Everyone, meet Josette. Josette was the first and only really serious relationship between my first and second time dating Big. I met Josette at a nightclub in Saint Louis, her having been prettiest girl there that night and the most pleasant to talk to. Josette had been having a last hurrah with friends before returning to college in the Northeast for the next year, so I made a point to get to know this intelligent and pretty woman. By the end of the night, I’d made to leave with her phone number and a kiss goodnight. Within the next week, we had two wonderful dates together and found ourselves able to talk for hours, something she wasn’t used to. For the first time in a long time, I found someone’s companionship to be wonderfully pleasant.
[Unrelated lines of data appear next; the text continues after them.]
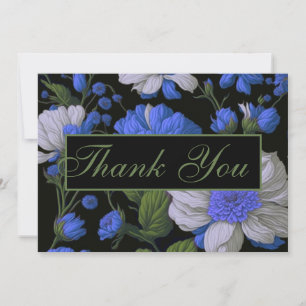 Elegant silver blue white elegant retro florals invitation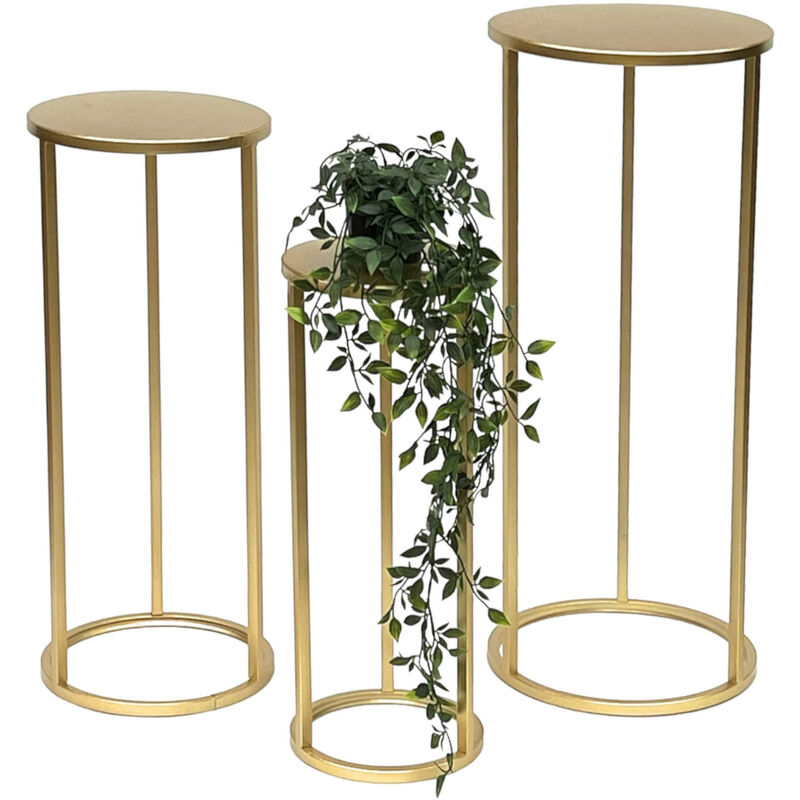 DanDiBo Sgabello per Fiori in Metallo Dorato, Angolare, 60 cm, Supporto per  Piante 96506 M, Colonna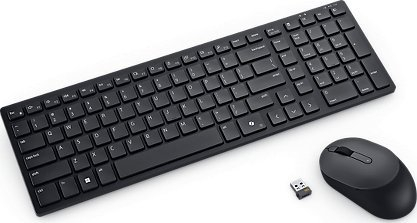 Set tastierë dhe mi DELL KM555, kompakt dhe i qetë, pa tela, US International QWERTY, i zi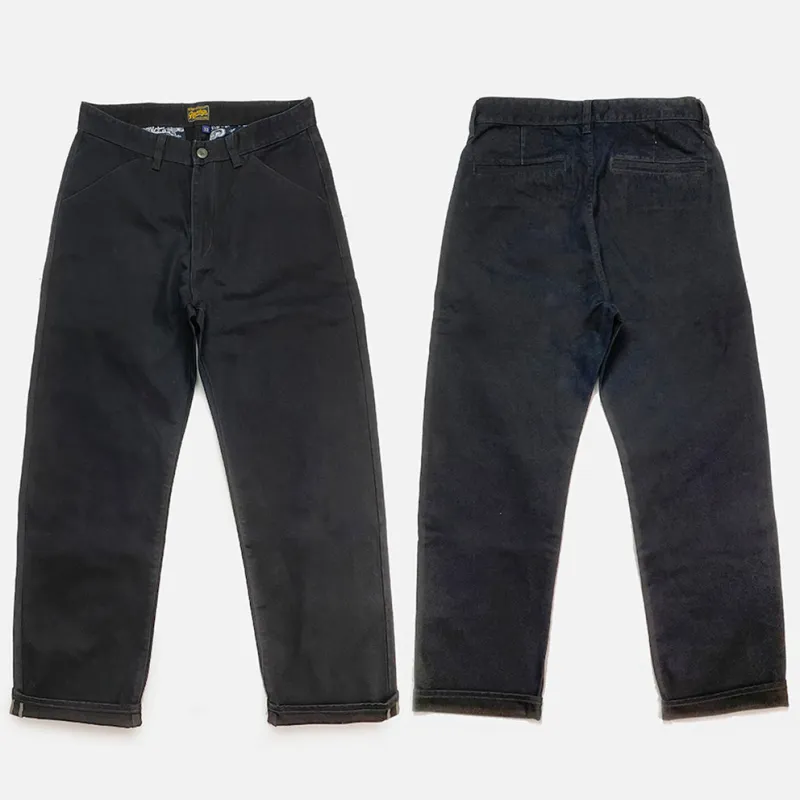 BZEN M.1136 RORY-CBK RELAX FIT FLAT FRONT 4 POCKET CANVAS PANT-12OZ-BLACK made by Bzen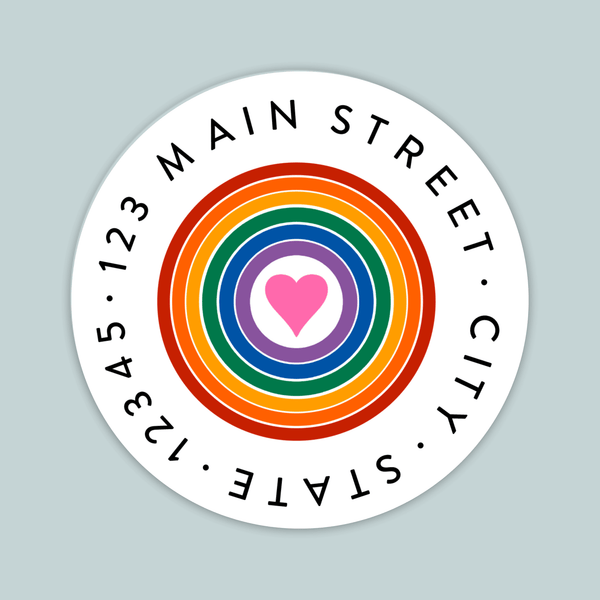 Rainbow Heart - Round Address Label - The Note House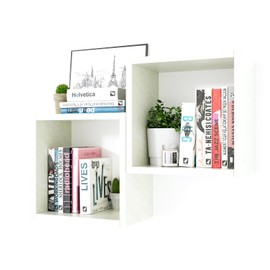 Kaboon Cube Floating Shelves Set2, Display Shelves Wall Mount 7.75" D x 12.5" W x 12.5" H, (Sea Salt, Square 2 Cubes)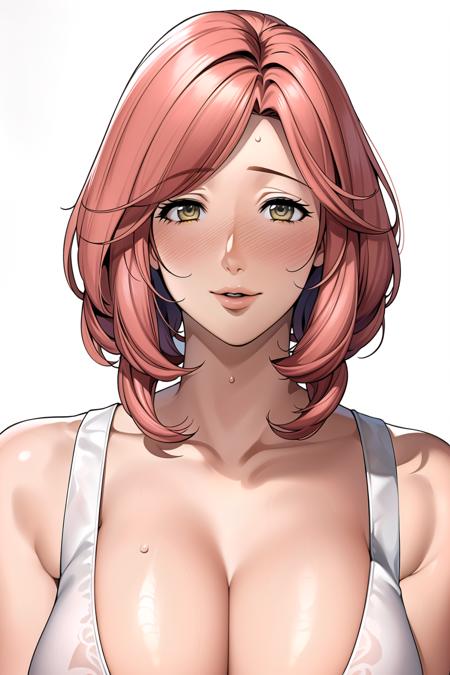 Simple Background, White Background,
white dress,cleavage, collarbone, sleeveless,
<lora:Abou_Koron_World_End-KK77-V1:0.7>,
pink hair,yellow eyes,Short_hair,
<lora:Oda_Non_Style-KK77-V2:0.3>,<lora:more_details:0.1>,
1 girl, 20yo,Young female,Beautiful Finger,Beautiful long legs,Beautiful body,Beautiful Nose,Beautiful character design, perfect eyes, perfect face,expressive eyes,perfect balance,
looking at viewer,(Focus on her face),closed mouth, (innocent_big_eyes:1.0),(Light_Smile:0.3),
official art,extremely detailed CG unity 8k wallpaper, perfect lighting,Colorful, Bright_Front_face_Lighting,White skin,
(masterpiece:1.0),(best_quality:1.0), ultra high res,4K,ultra-detailed,
photography, 8K, HDR, highres, absurdres:1.2, Kodak portra 400, film grain, blurry background, bokeh:1.2, lens flare, (vibrant_color:1.2),professional photograph,
(Beautiful,large_Breasts:1.4), (beautiful_face:1.5),(narrow_waist),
We would spend the next four months trying to maintain a non-exclusive long-distance relationship. We would text roughly once a week, have a phone call or video chat every few weeks, and made plans during her school breaks when she returned home. We bonded even more when I became sick and housebound for a time, and anyone else I’d been involved with disconnected from me. While Josette and I may only have texted a few sentences over the course of a month, our calls were able to last all night. She would tell me about school, the animals she took care of, and her major: French. Every time she spoke French to me, no matter what she said, it would make my heart feel light and my wanderlust yearn for the City of Lights. Josette was one of the few things that got me through that terrible and too-long-untreated case of tonsillitis. I had decided by Thanksgiving that I wanted Josette to be my girlfriend, and that while she didn’t knock my socks off the way Big had, she was kind and made me feel safe. I wasn’t unhappy with Josette by a long shot, and I knew I wanted to be with her. Josette was supportive of my ambition and dreams, she cared about the issues going on in my life, and I knew I could trust her even with all of the distance between us. Right then, I couldn’t have asked for more.

I waited until New Year’s Eve, after us spending a night in matching pajamas making Christmas sugar cookies, to ask her. I specifically asked after our New Year’s kiss, making it the very first action I made in 2019. Much to my joy, Josette said yes and we would spend the rest of Winter break happily celebrating and meeting each other’s parents. When I ice skate, I shall always remember Josette’s smile as she was able to skate around me with ease on New Year’s Day. (I am a terrible skater.) Even now as I’m very happily in love with Big once again, I know to treasure those memories for what they are. I always knew that Josette and I were most likely temporary, but I was allowed to hope I could be pleasantly surprised one day and find myself believing in more for us.

The source of trouble for Josette and I was by far communication. To my dismay, the texts and calls became fewer and farther in between. This left me wondering if I’d done anything wrong or how many times was too many times to try to reach out. I knew Josette had her own life and schoolwork to finish, but I hadn’t realized until later how I had been invalidating my feelings in hopes of avoiding confrontation. After all, I really didn’t want to fight with my girlfriend over not being texted enough. We still had good moments together, like Valentine’s Day over video chat or watching each other’s favorite show. I had figured that in time what was meant to be would be, and so I kept quiet about my unsettled feelings of neglect. I knew in my heart Josette wasn’t trying to hurt my feelings, but I also knew that I wasn’t asking too much from her.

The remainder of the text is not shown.